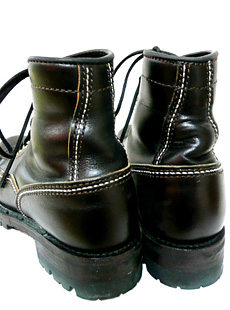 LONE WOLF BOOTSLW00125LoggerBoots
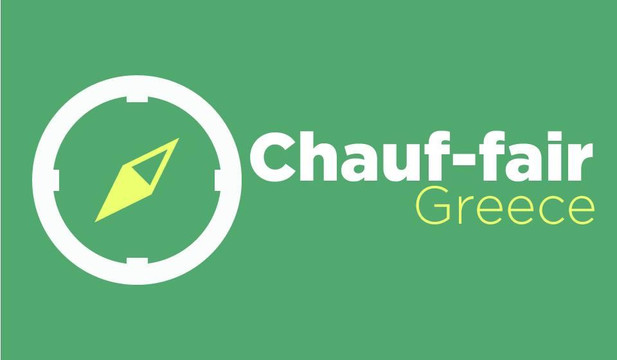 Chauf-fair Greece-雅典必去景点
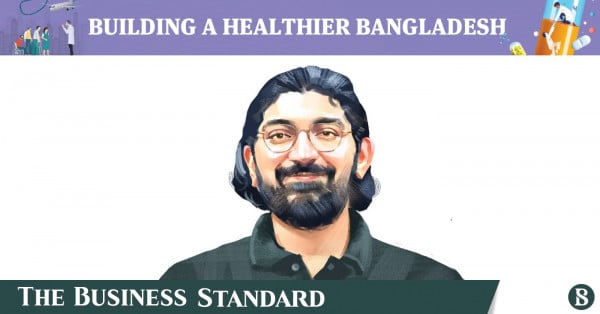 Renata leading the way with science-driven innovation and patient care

#### Work instruction:
Your answer must be only the lines from the one that holds "Chauf-fair Greece-雅典必去景点" to the end of the listing, each restated word for word, with both ends kept and pictures left out.

#### Result for this task:
 Chauf-fair Greece-雅典必去景点
 Renata leading the way with science-driven innovation and patient care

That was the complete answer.